- The Pentagon is weighing whether to cancel an $80 million conditional loan to ReElement Technologies Corp., part of a broader $1.4 billion critical-minerals deal, after officials raised doubts about the company’s ability to scale its technology and its long-term revenue forecasts.
- The potential pullback has ignited a public fight between Peter Navarro, who called the Pentagon’s vetting process “over-burdensome,” and the Defense Department, which defended its due diligence as essential to protecting taxpayer money and mission success.
- ReElement — which was in a “pre-revenue development stage” as recently as October 2025 — was meant to produce rare earth oxides from electronic waste and end-of-life magnets for use in defense applications; the company says its Indiana facility is still moving forward.

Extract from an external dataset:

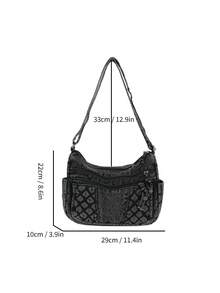 New Casual Chic Soft Jeans Multi-Layer Crossbody Bag With Multiple Pockets, Versatile Commuter Large Capacity Women's Shoulder Bag, Suitable For Work Commuting, Shopping And Traveling. - 黑色 - 查看 3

- The dispute exposes the central tension in the Trump administration’s critical-minerals push: the White House wants to move at “warp speed” on bets against China’s supply chain dominance, while Defense officials insist rigorous vetting is necessary to ensure deals actually deliver.
What Happened?
The Pentagon’s Office of Strategic Capital announced an $80 million conditional loan to ReElement Technologies in November as part of a $1.4 billion critical-minerals package that also included Vulcan Elements Inc. Since then, internal due diligence has raised red flags about ReElement’s ability to scale its rare-earth oxide refining technology and whether its long-term revenue projections are credible. The loan has not been canceled and no funds have been disbursed, but the process has deteriorated into an open inter-agency fight. After Bloomberg reached out to ReElement, White House trade adviser Peter Navarro called to criticize the Pentagon’s “private equity background” vetting team, calling ReElement “exactly the kind of asymmetric bet we should be making.” The Pentagon fired back, calling its dealmakers “the finest private equity professionals in the world.”
Why It Matters?
Rare earth elements are a critical chokepoint in US defense and technology supply chains — used in everything from missiles to electric motors — and China currently controls the dominant share of global refining capacity. The Trump administration has made breaking that dependency a national security priority, using loans, equity stakes, and warrants across hundreds of deals. But the ReElement situation illustrates the inherent tension between urgency and rigor: moving fast means accepting more risk, and the government’s early endorsement of ReElement already helped the company raise $200 million in private funding from Transition Equity Partners. If the loan is pulled after that private capital was effectively crowded in on the back of a government commitment, it raises uncomfortable questions about credibility.
What’s Next?
The ReElement deal could still proceed — the Pentagon has not made a final decision. But the public nature of the Navarro-Pentagon clash suggests the stakes are political as much as financial. Watch for whether Deputy Defense Secretary Stephen Feinberg, the Cerberus Capital co-founder overseeing the critical minerals effort, intervenes to resolve the standoff. More broadly, the episode will test whether the administration can maintain dealmaking discipline across the hundreds of critical-mineral transactions currently in its pipeline without letting political pressure override financial due diligence.